Firstly, it is important to consider that the profile of IPF patients is similar to the general profile of patients at higher risk for CV disease [35], due to the high prevalence of the most common CV risk factors, particularly older age, male sex, smoking history and hypertension, detected in these patients. AA dilatation is a common finding in arterial hypertension, affecting about 15% of hypertensive patients, and has been recently associated with a greater risk of CV events [16].

Secondly, it has been reported an association between poorer pulmonary function and higher arterial stiffness, likely mediated by circulating inflammatory mediators, such as CRP and IL-6 [36]. Given the positive correlation between arterial stiffness and aortic size demonstrated in individuals without overt heart disease [37], in hypertensive patients [38] and in patients affected by type 2 diabetes [39], it is likely that an increased arterial stiffness, frequently observed in IPF patients [19], may have an important role in inducing the AA dilatation in IPF patients.

A low-grade systemic inflammation, that is commonly detected in IPF patients [18,40,41], might contribute to, or trigger, the process of remodeling within vascular walls of the aorta, with peculiar involvement of the media and adventitia, leading to media atrophy, thinning and weakening of the aortic wall and finally aortic dilatation [42].

Moreover, as observed in young individuals [43] and in patients with essential hypertension [44], the increase in aortic diameters detected in IPF patients may be related to the increased left ventricular mass. Indeed, LV remodeling is strongly associated with the aortic wall remodeling: LV wall thickness, LVMi and diastolic dysfunction may all contribute to an increase in aortic diameters.

Similarly to what described in the general population [45], subclinical atherosclerotic disease, particularly CAC score, could be another possible determinant of increased AA diameter in IPF patients.

Aortic dilatation may also be promoted by prolonged corticosteroid treatment, that has been associated with aortic wall fragility due to its negative effect on collagen formation and connective tissue strength [46,47]. Furthermore, longterm steroid therapy can also stimulate increasing blood pressure therefore raising the incidence of hypertension.

Finally, it is not possible to exclude that a number of cases of AA dilatation detected in IPF patients may be related to positive family history and/or genetic disorders, including Marfan syndrome, Ehlers-Danlos syndrome, Turner’s syndrome, and bicuspid aortic valve [48].

In the present study, among the several parameters included in the logistic regression analysis performed for identifying the independent predictors of AA dilatation in IPF patients (age, male sex, BSA, hypertension, smoking, CRP, FVC, LVMi, CAC score and corticosteroid treatment), only serum CRP levels and LVMi showed an incremental prognostic value over the other variables.
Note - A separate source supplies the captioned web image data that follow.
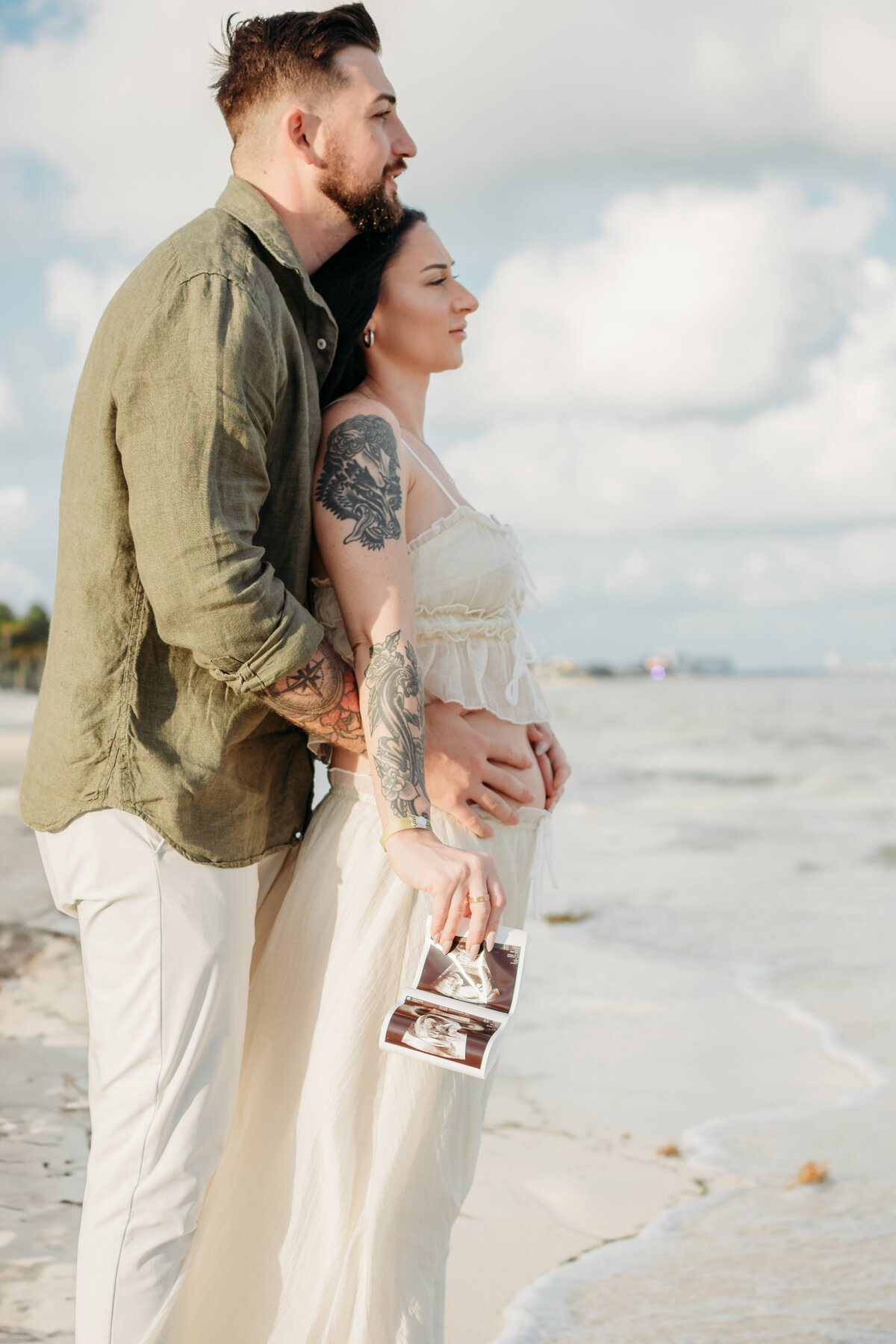 Soon to be mom and dad staring into the far distance of an ocean as they hold their baby ultrasound and embrace the love during a pregnancy announcement photoshoot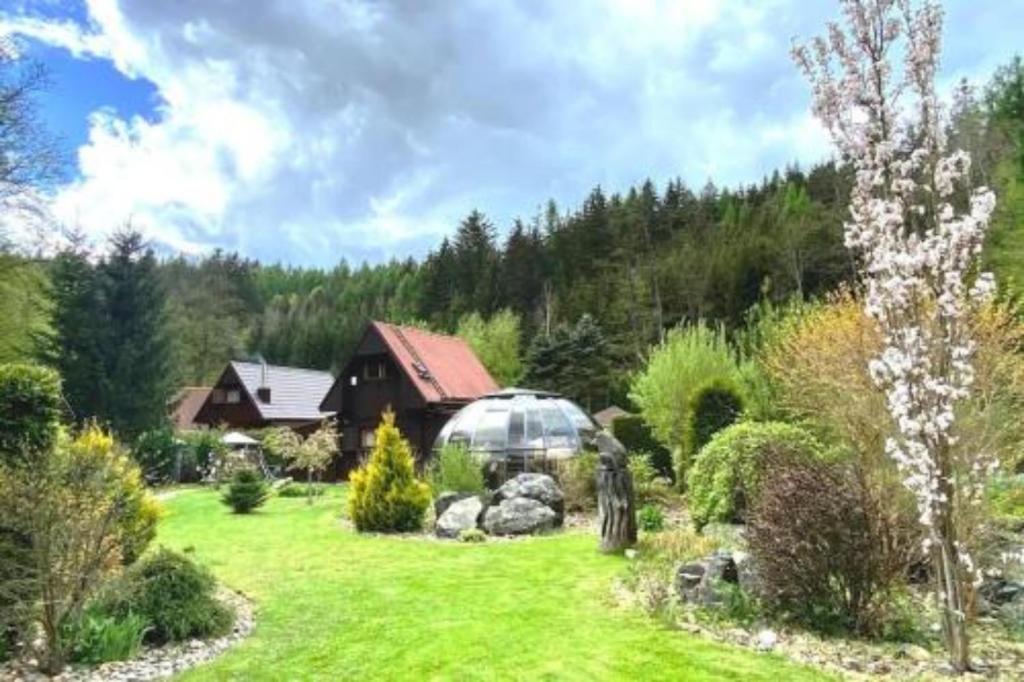 a garden with a greenhouse in the middle of a yard at Charming cottage KLARA with Sauna, Nature&Privacy near Prague in Malé Kyšice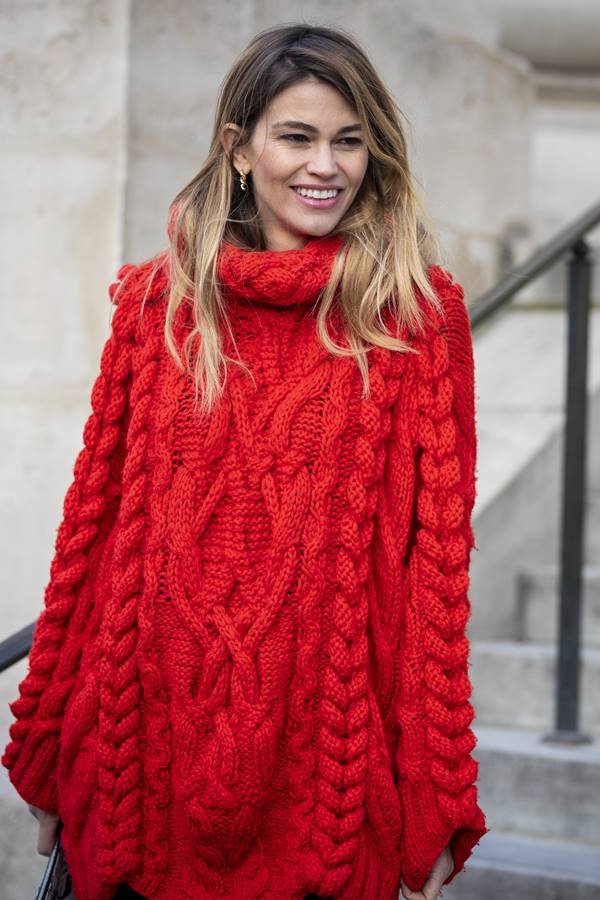 Mulher loira usa tricô vermelho de gola alta- Metrópoles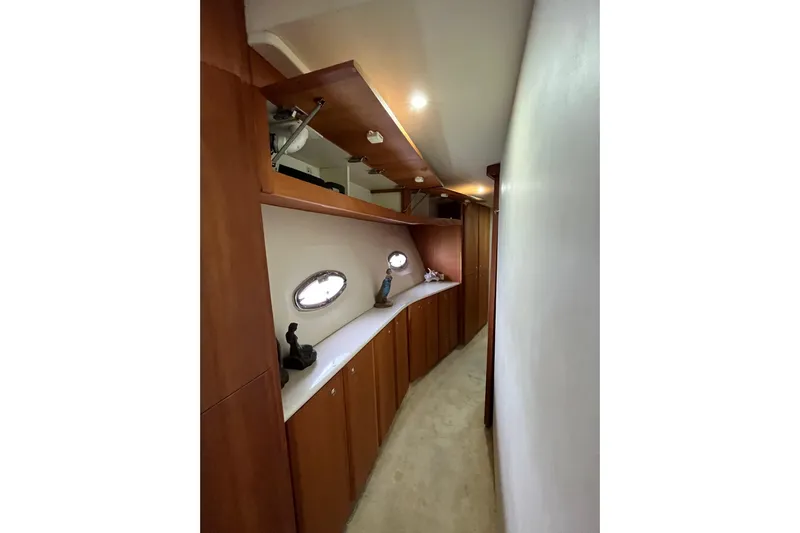 Everyday Yacht Photos Pics Interior hallway of 2003 Silverton 453 Motor Yacht with wooden cabinets and porthole windows.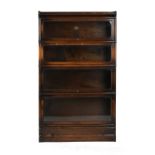 Property of a deceased estate - an oak Globe Wernicke four section stacking bookcase with drawer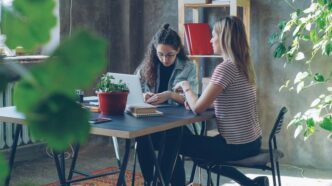 Two women collaborate at a desk in an office.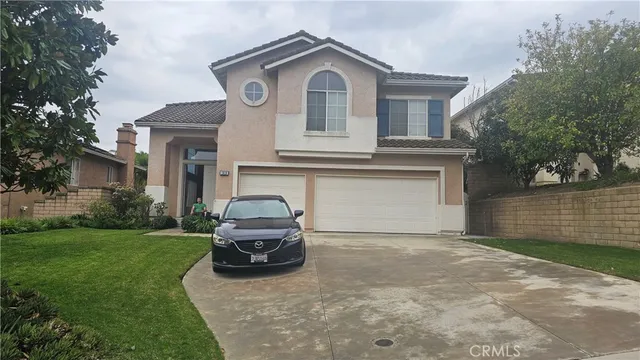 a house view with a garden space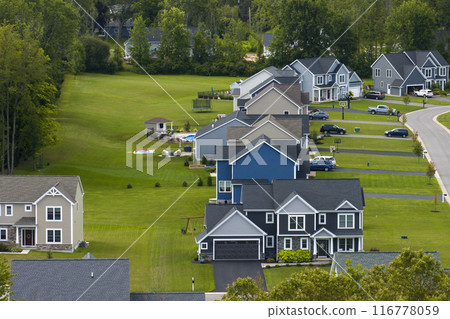 Low-density two story private homes in rural residential suburbs outside of Rochester, New York. Upscale suburban houses with large lot size and green grassy lawns in summer season Low-density two story private homes in rural residential suburbs outside of Rochester, New York. Upscale suburban houses with large lot size and green grassy lawns in summer season 116778059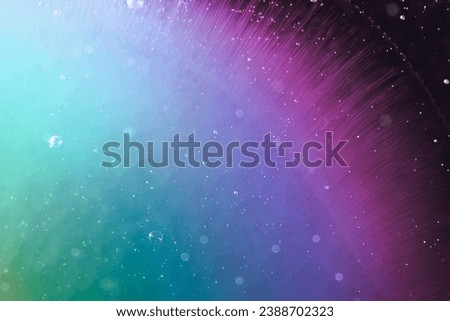 rainbow liquid paint, abstract space themed background Royalty-Free Stock Photo #2388702323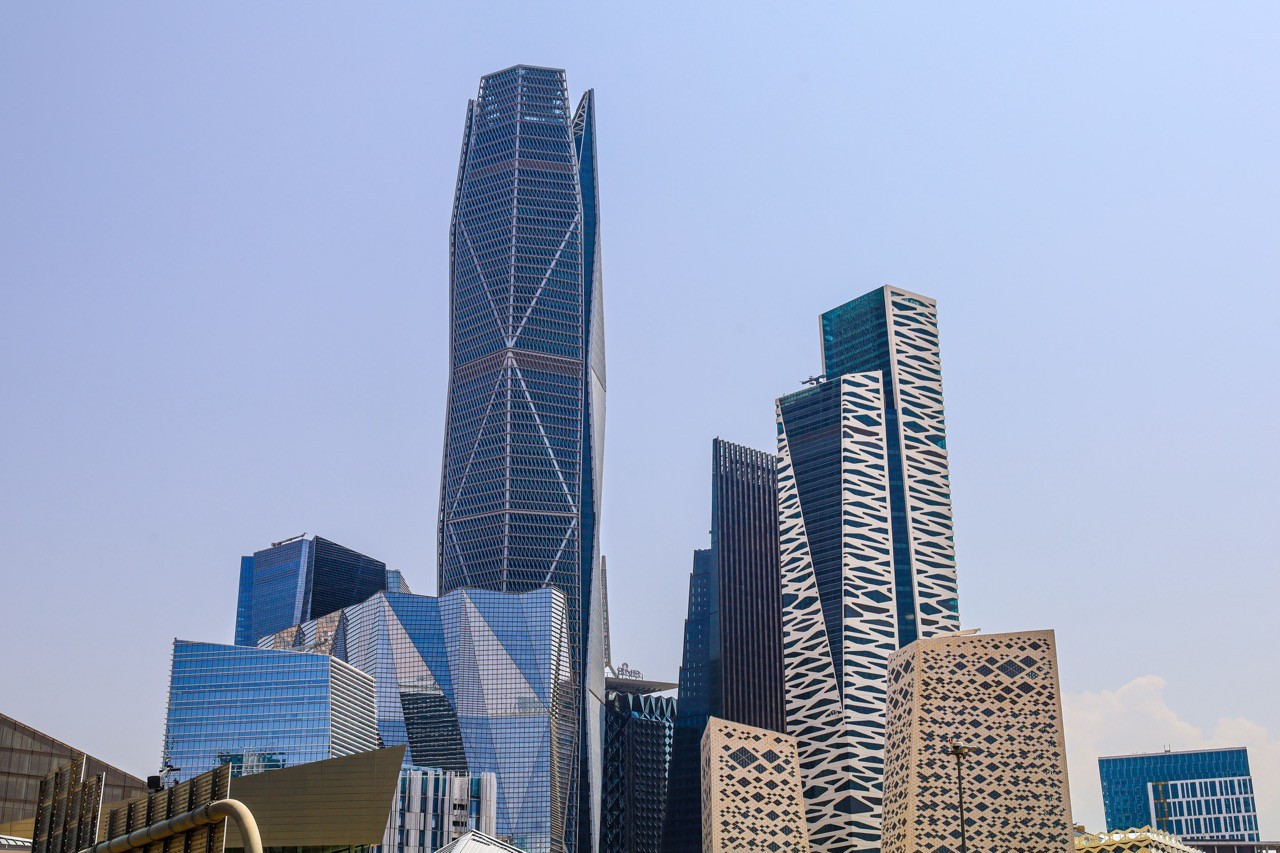 The striking architecture of Riyadh's King Abdullah Financial District with tall skyscrapers, showcasing the modern skyline. The image emphasizes SAA Law as 'Your Proactive Legal Partner' set against a backdrop of innovation and progress.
Our results would confirm that, in IPF patients, LV remodeling and aortic wall remodeling are strongly correlated and that a low-grade of systemic inflammation might also affect the AA wall.

4.4. Implications for Clinical Practice

In light of our findings, the assessment of aortic diameters might help the pulmonologists to optimize the prognostic risk stratification of IPF patients. Notably, IPF patients with AA diameter indexed to height >20 mm/m at basal echocardiographic evaluation should be considered at high risk of major adverse CV events over a mid-term follow-up period. Due to their beneficial effect in attenuating AA dilation [49,50], the prescription of beta blockers and statins, commonly underutilized in IPF patients [51], should be implemented in clinical practice, especially for those patients with an AA diameter indexed to height >20 mm/m. The initiation and/or up-titration of angiotensin-converting enzyme (ACE) inhibitors or angiotensin receptor blockers (ARBs) may also protect against further AA dilatation, thus preventing the occurrence of acute aortic syndromes. As observed in hypertensive patients, an early cardioprotective treatment could induce a reduction in left ventricular mass [52], thus improving CV prognosis.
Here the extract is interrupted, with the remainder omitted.